• _Assignment_:
Produce a word-for-word restatement of the lines from the line with "Klatak&nbsp; - Banyuwangi" to the end of the listing below, inclusive.

• _Input for this task_:
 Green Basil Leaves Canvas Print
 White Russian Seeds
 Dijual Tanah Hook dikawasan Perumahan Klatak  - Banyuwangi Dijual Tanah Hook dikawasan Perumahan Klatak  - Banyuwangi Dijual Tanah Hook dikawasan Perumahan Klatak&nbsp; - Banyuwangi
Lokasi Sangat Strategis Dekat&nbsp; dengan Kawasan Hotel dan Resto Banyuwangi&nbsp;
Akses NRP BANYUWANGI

• _Exercise result_:
 Dijual Tanah Hook dikawasan Perumahan Klatak  - Banyuwangi Dijual Tanah Hook dikawasan Perumahan Klatak  - Banyuwangi Dijual Tanah Hook dikawasan Perumahan Klatak&nbsp; - Banyuwangi
Lokasi Sangat Strategis Dekat&nbsp; dengan Kawasan Hotel dan Resto Banyuwangi&nbsp;
Akses NRP BANYUWANGI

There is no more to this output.